22 DE JANEIRO DE 1969. AUDIÊNCIA GERAL.

A idéia ecumênica parece ser em nossos dias tão lógica e feliz que podemos dizer encontra por toda a parte admiradores e fautores. Devemos procurar, filhos caríssimos, não comprometer o caminho e o êxito de uma causa de suma importância como esta do autêntico ecumenismo com modos de agir superficiais, apressados e contraproducentes. Notam-se, de fato, fenômenos perigosos e nocivos, neste inesperado entusiasmo de reconciliação entre católicos e cristãos separados. Queremos lembrar alguns aspectos dessa incauta precipitação ecumênica, para que tantos desejos bons e tantas afortunadas possibilidades não venham a perder-se no equívoco, na indiferença e no falso irenismo.

Aqueles, por exemplo, que acham tudo belo no campo dos irmãos separados e tudo enfadonho e censurável no campo católico, não estão mais em condições de promover eficaz e utilmente a causa da união. Como observava com irônica tristeza um dos melhores ecumenistas protestantes de nosso tempo, "o maior perigo para o ecumenismo seria entusiasmarem-se os católicos por tudo aquilo que nós consideramos nocivo e abandonarem tudo aquilo que nós agora consideramos importante". Esta atitude servil não é corajosa nem decorosa.

O mesmo poderíamos dizer de outra atitude hoje muito difundida, que pretende estabelecer a unidade a custo da verdade doutrinal. Aquele Credo que nos faz cristãos e católicos e nos define como tais, parece, neste caso, o obstáculo insuperável para a restauração da unidade.
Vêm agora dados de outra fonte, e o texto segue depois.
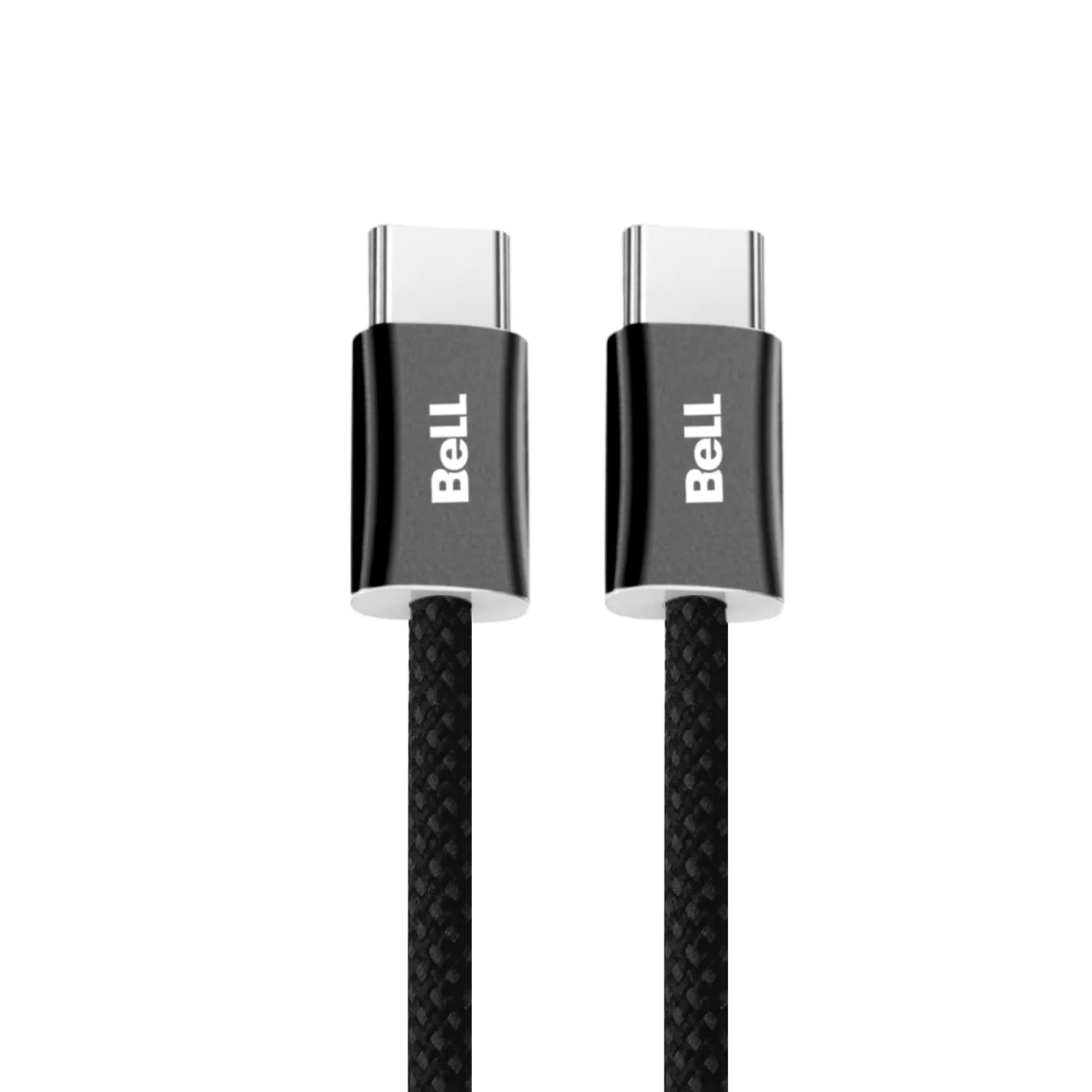BeLL BLCB240 60Watt Fast Charging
É claro que tem exigências muito severas e muito graves, mas as dificuldades que dele derivam não podem consistir à custa de incompreensão e traição da causa, no sacrifício da fé, com a esperança ilusória de que a caridade baste para restabelecer a unidade. E neste caso, por caridade se entende a prática empírica sem escrúpulos dogmáticos e fora das normas disciplinares. Os episódios que se verificaram nestes últimos meses da assim chamada "Intercomunhão" estão na linha citada. Nós a julgamos não boa e por isso devemos lealmente reprová-la. Recordemos que o Concílio exorta os fiéis a "se absterem de qualquer leviandade ou zelo imprudente que possam prejudicar o verdadeiro progresso da unidade"

Isto não quer dizer que católicos e cristãos separados não possam discutir sobre os dogmas da fé. Pelo contrário, é de um comum exame teológico, objetivo e sereno da verdade revelada e vivida fielmente pela tradição genuína do ensino eclesiástico, que se pode conhecer qual é o patrimônio essencial doutrinal cristão, tudo o que dele se pode autenticamente enunciar juntos em termos diferentes substancialmente iguais ou complementares, e é possível e finalmente vitoriosa para todos, a descoberta daquela identidade da fé, na liberdade e na variedade das suas expressões, pela qual a união pode felizmente ser celebrada com um só coração e uma só alma (At 4,32).

Mas este exame abrange a responsabilidade primeiramente dos teólogos e estudiosos qualificados e depois do magistério eclesiástico. Não pode ser resultado de debates de opiniões de qualquer nível que seja.

Gostareis de saber que este exame sobre diversas frentes do ecumenismo já está em andamento. E não nos devemos admirar se ele exige cautela, tempo e progresso gradual. É o ecumenismo em marcha, ecumenismo para o qual a grande figura piedosa e eleita do saudoso cardeal Agostinho Bea encaminhou os passos do nosso Secretariado para a união de todos os cristãos. Prestemos homenagem à sua memória, conservando-nos fiéis a seu método tanto corajoso quanto prudente.